Photostory #382: High on Growing List of Province's New-Found Riches: Saskatchewan Oil

Photographers
Ted Grant
Maker
National Film Board of Canada
Release Date
January 9, 1965
Collection
CMCP fonds
Credit Line
Canadian Museum of Contemporary Photography fonds, National Gallery of Canada Library and Archives
Main Text
Stepping squarely into the big picture of Canada's booming development, resource-rich Saskatchewan is making its impact upon the world. Renowned more than ever for massive wheat exports, the quarter-million square-mile province now balances its agricultural earnings by producing another one and a half billion dollars worth of other vital commodities - not least among them, oil. In a dozen years Saskatchewan oil has risen to an average daily production of 230,000 barrels - nearly a third of Canada's total - a growing flood of natural wealth which, combined with newfound riches in potash, base metals, chemicals and manufacturing, has set the provincial economy on a steady course to increased prosperity. As the demand for oil continues, 1965 is expected to be the third consecutive year of growth in Saskatchewan's new petroleum boom.
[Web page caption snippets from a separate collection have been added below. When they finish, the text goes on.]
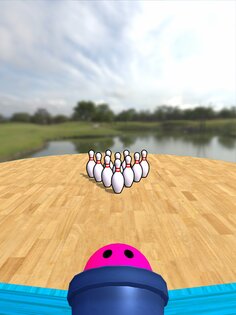 CannonBowling 1.2.4. Скриншот 14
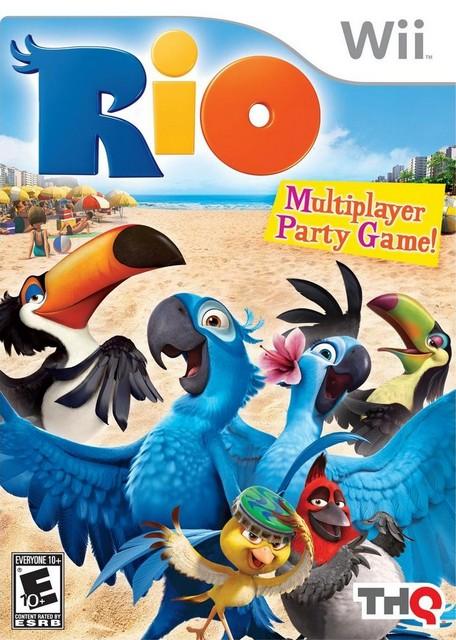 Rio (Wii) (Online Only)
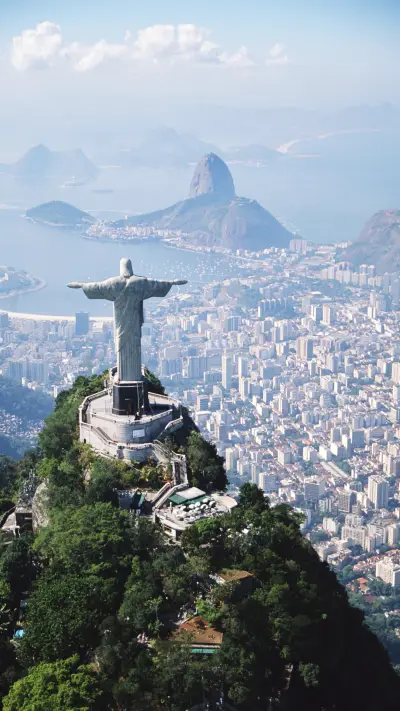 巴西非凡之都 - Screenshot 1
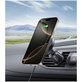 Držák do auta MM15W-V4 Magnetic MagSafe Dashboard & Vent 15W, černá, Tech-Protect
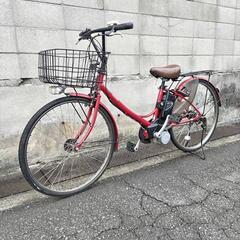 R5146 A-Girl 2011年 パナソニック電動アシスト自転車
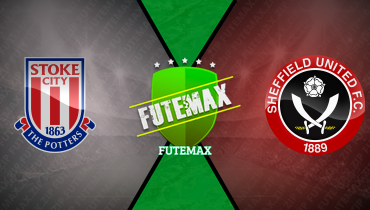 Assistir Stoke City x Sheffield United ao vivo online 25/04/2025
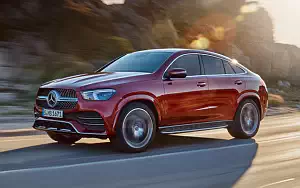   Mercedes-Benz GLE 400 d 4MATIC AMG Line Coupe - 2019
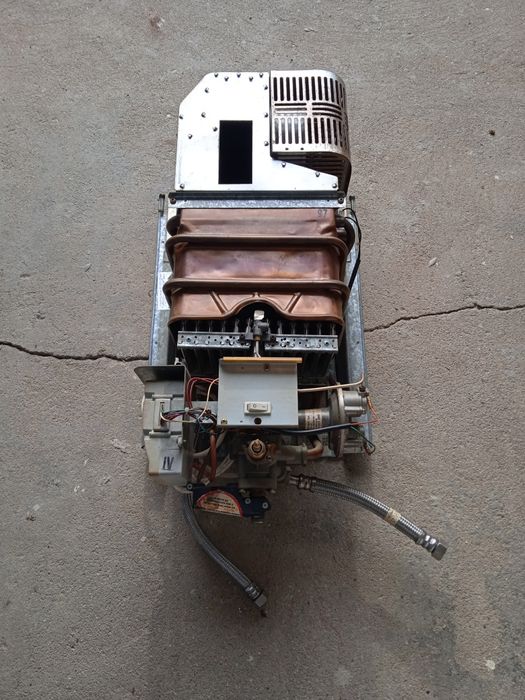 Esquentador Vulcano Ventilado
Exploration, up 70 per cent last year, is estimated to keep up its fast pace during the coming year and the industry is likely to match the $200,000,000 spent in 1964. For the million people of Saskatchewan, the modern developments in mineral wealth mean a succession of economic record-breaking years, the fastest growth in Canada of retail sales, soaring per-capita income and a buoyant, wider outlook across the horizons of their changing prairie province.